I’ll be ecstatic if the PRO Act manages to pass, but the US Senate isn’t going to pass that legislation without immense pressure from below. This is a country that doesn’t pass gun control when children are routinely shot in schools and doesn’t have a universal healthcare system as thousands look to crowdfunding sites to pay avoid healthcare-induced homelessness. The Senate won’t just pass this because it’s good for workers, or even because its good for the nation as a whole. So, I disagree that organizing post-mortems miss the point. The point, I think, is that Labor needs to focus on reviving the “movement.” I don’t have the end-all answer for how to do that, but I’m confident that organizing ordinary people (and this is not synonymous with winning NLRB elections) is a prerequisite to the goal of getting pro-labor legislation through a body that is deeply hostile to the interests of working-class Americans. A $15 minimum wage, for example, is far less of a threat to the interests of capital than the PRO Act, and we saw how that went down.

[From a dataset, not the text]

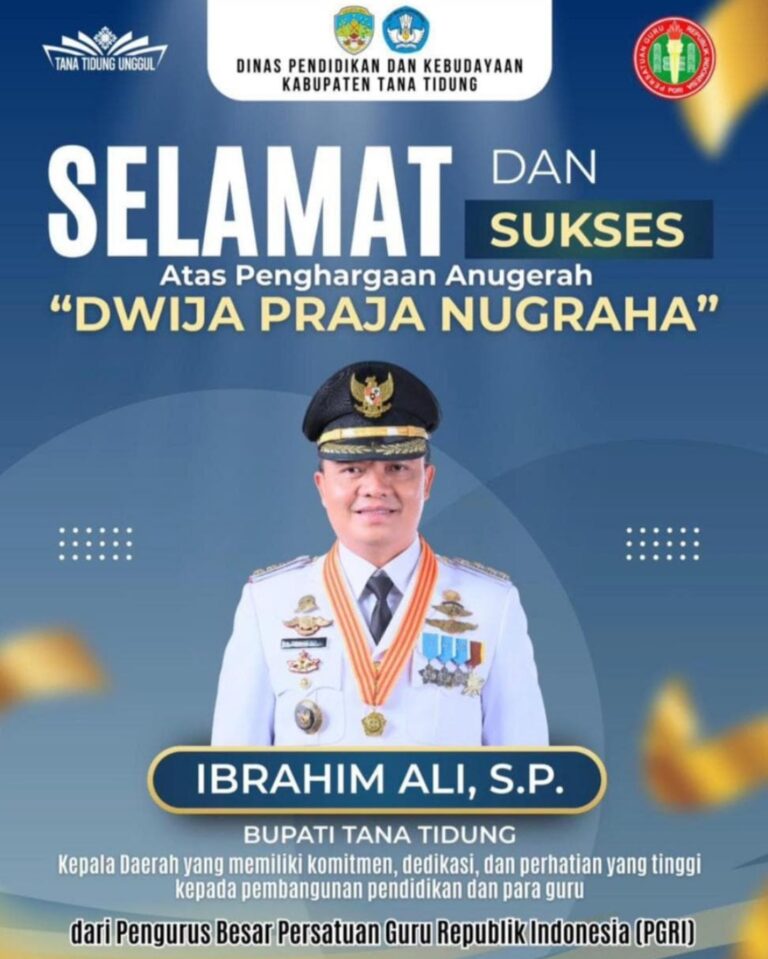 Dinas Pendidikan Tana Tidung Mengucapkan Selamat Atas Anugrah Dwija Praja Nugraha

If we can’t win big campaigns under the current rules, sure, the rules should be changed. But isn’t forcing the hand of the Senate a harder road than winning an NLRB election? If we can’t win under these rules then organized labor should start looking at alternative models of organizing. Maybe an election and bargaining a first contract isn’t the right goal for every campaign under the current legal regime. Why invest so much time and energy in getting a first contract when the employer can run roughshod over it with virtual impunity?

I agree that those on the left need to look beyond the vision and strategies employed by the radicals of the 30s and 40s and the rank and file movements of the 60s and 70s. Both were ultimately unsuccessful. But we shouldn’t be ahistorical about those defeats either. Those radicals were, in many cases, still deeply racist, which was and is the biggest obstacle to achieving mass working class solidarity. Further, even the old CIO leadership was committed to weakening the power of rank and file workers decades before McCarthyism or the Cold War . So those movements failed, but they were also never supported by the labor bureaucrats of any era.

I’m not saying simply wait for spontaneous radical mass action to break out (though labor has failed to really capitalize on the moments where that does occur, such as the George Floyd rebellion). Labor has a role in organizing the radical mass action! And if we take the position that movements can't be built but-for hospitable legal regimes we’re forever stuck here.

There are no easy answers and I appreciate the space for the dialogue.